Since the 1950s, on average, wild animal populations have more than halved. When I look back at my earlier films now, I realise that, although I felt I was out there in the wild, wandering through a pristine natural world, that was an illusion. Those forests and plains and seas were already emptying. Many of the larger animals were already rare. A shifting baseline has distorted our perception of all life on Earth. We have forgotten that once there were temperate forests that would take days to traverse, herds of bison that would take four hours to pass, and flocks of birds so vast and dense that they darkened the skies. Those things were normal only a few lifetimes ago. Not any more. We have become accustomed to an impoverished planet.
We have replaced the wild with the tame. We regard the Earth as our planet, run by humankind for humankind. There is little left for the rest of the living world. The truly wild world – that non-human world – has gone. We have overrun the Earth.

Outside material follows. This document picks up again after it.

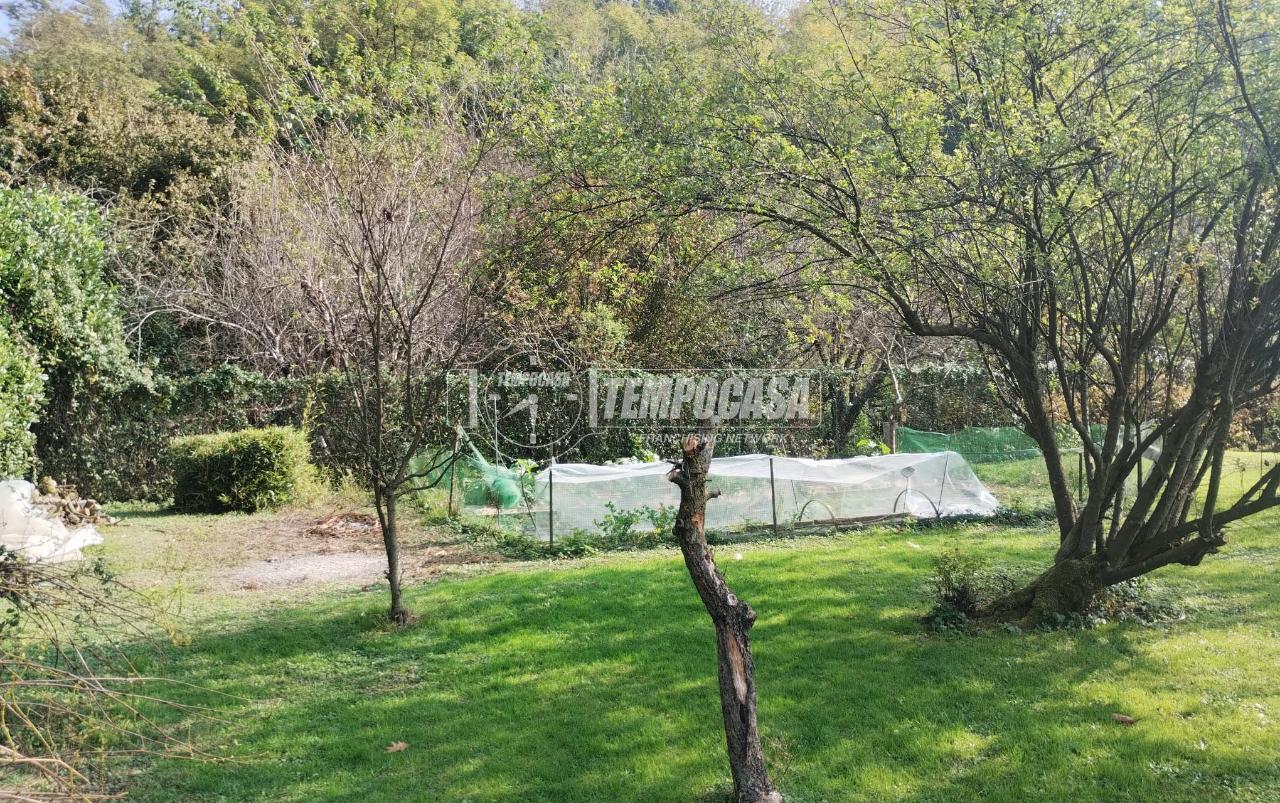 immagine annuncio 10 di 14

I have spent the last few years speaking about this wherever I can – the United Nations, the International Monetary Fund, the World Economic Forum, to financiers in London and the festival-goers in Glastonbury. I wish I wasn’t involved in this struggle, because I wish the struggle wasn’t necessary. But I’ve had unbelievable luck and good fortune in my life. I would certainly feel very guilty if, having realised what the dangers are, I decided to ignore them.
I have to remind myself of the dreadful things that humanity has done to the planet in my lifetime. After all, the Sun still comes up each morning, and the newspaper drops through the letterbox. But I think about it most days to some degree. Are we, like those poor people in Pripyat, sleepwalking into a catastrophe?
The new paper book version of A Life on Our Planet is published by Penguin Random House by David Attenborough. RRP $22.99.
David Attenborough: A Life on Our Planet is also a 2020 British documentary film narrated by David Attenborough and produced and directed by Jonnie Hughes. The film was nominated for five Emmy Awards in 2020. It was released by Netflix alongside a companion book of the same name.